My wife instigated a trip to a local park’s sledding hill on Saturday. She sat at the bottom of the hill with a lump of outergarments rumored to contain a toddler, while I walked up and down a hill releasing a couple of screaming Kindergarteners at the top and recovering them at the bottom. Daddy got some exercise and the older girls had fun, but t was hard to gauge the toddler’s enthusiasm from her blank, and mostly hidden, facial expression. I think she was too busy absorbing it all to muster an opinion.
Sunday, word came down that we taking the girls ice skating. As a snow storm was coming that evening, I was less than enthused. But Chris was the motivator. As always, it took an eternity to bundle up the girls in their snowsuits. Neither parent happened to notice, until we got half way to the rink, that we had loaded Claire in the car in her stocking feet.

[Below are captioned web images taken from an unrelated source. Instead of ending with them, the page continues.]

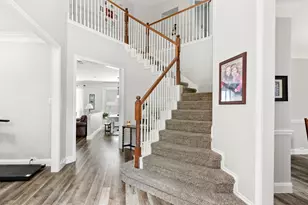 5900 Avocet Way, The Colony, TX 75056 - Photo 21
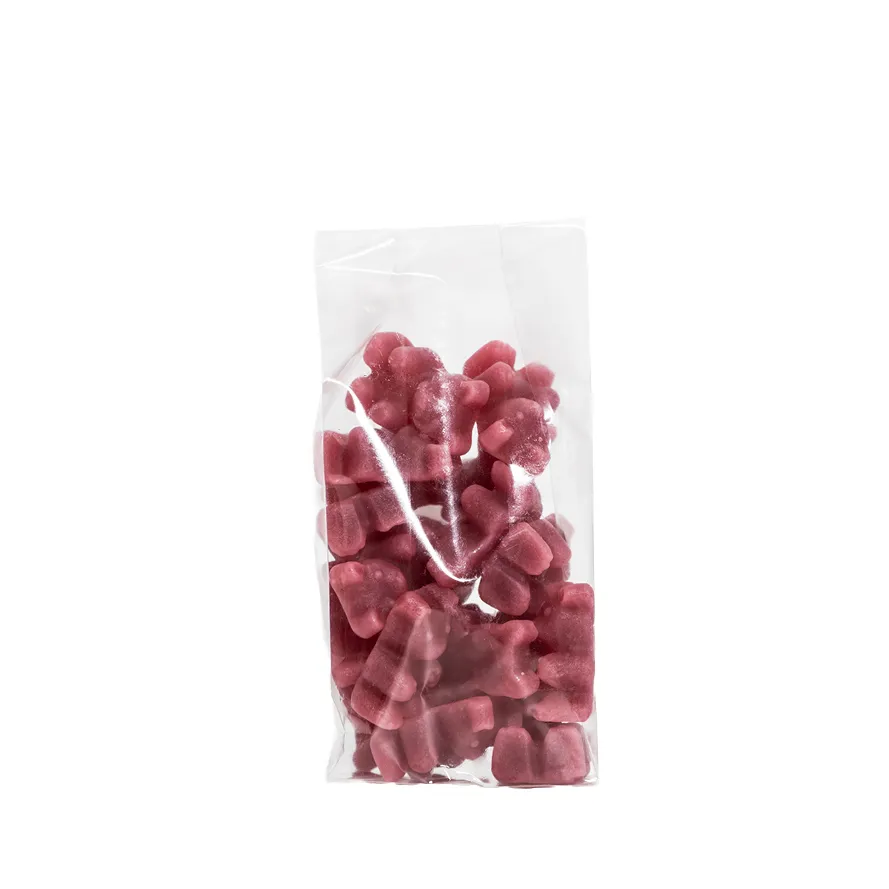 MMM_Gumicukor_PirosGyum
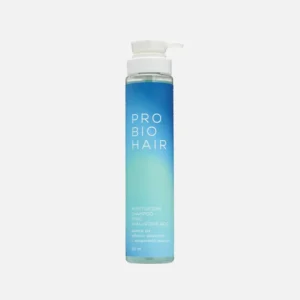 PRO BIO Hyaluronic Acid 350 мл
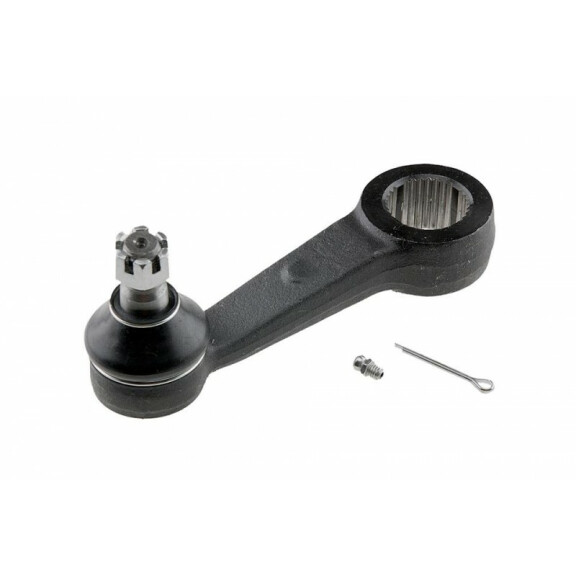 WSPORNIK KOLUMNY KIEROWNICZEJ FORD RANGER 06-, FORD RANGER 09-, MAZDA BT-50 06- SWK-FR-000 1456009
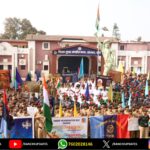 ऑपरेशन मुस्कान के तहत राँची पुलिस की बड़ी सफलता, 93 गुम मोबाइल बरामद | Ranchi Police Recovers 93 Lost Mobile Phones Under Operation Muskaan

No matter. We were going to put ice skates on her anyway. At the rink, the attendant indicated that they did not have any skates her size. Hmm. Could it be because babies under two can’t skate? Naw. But we took the smallest shoes they had for her.
Now I skate about as well as I golf: horribly. Claire, of course, could not even stand up on her skates. This meant I had to bend over, hook my arms under her armpits, adjust my center of gravity, and drag her around the rink. Slowly, while my back killed me. Again, I have no idea whether she enjoyed it or was annoyed by the experience. From my vantage point, I could not see her face and she can’t talk yet.
My wife realized, after one lap around the rink, that she no longer knows how to skate and sat out the rest of the afternoon. This meant I was the Kindergarteners had to hang onto me as they skated. It affects your balance, especially while dragging a third. And I have trouble skating alone.
Mercifully, it did end. With the snow storm underway and my daughter back in her stocking feet, I tucked Claire in my coat and carried her to the minivan. Three tuckered women followed.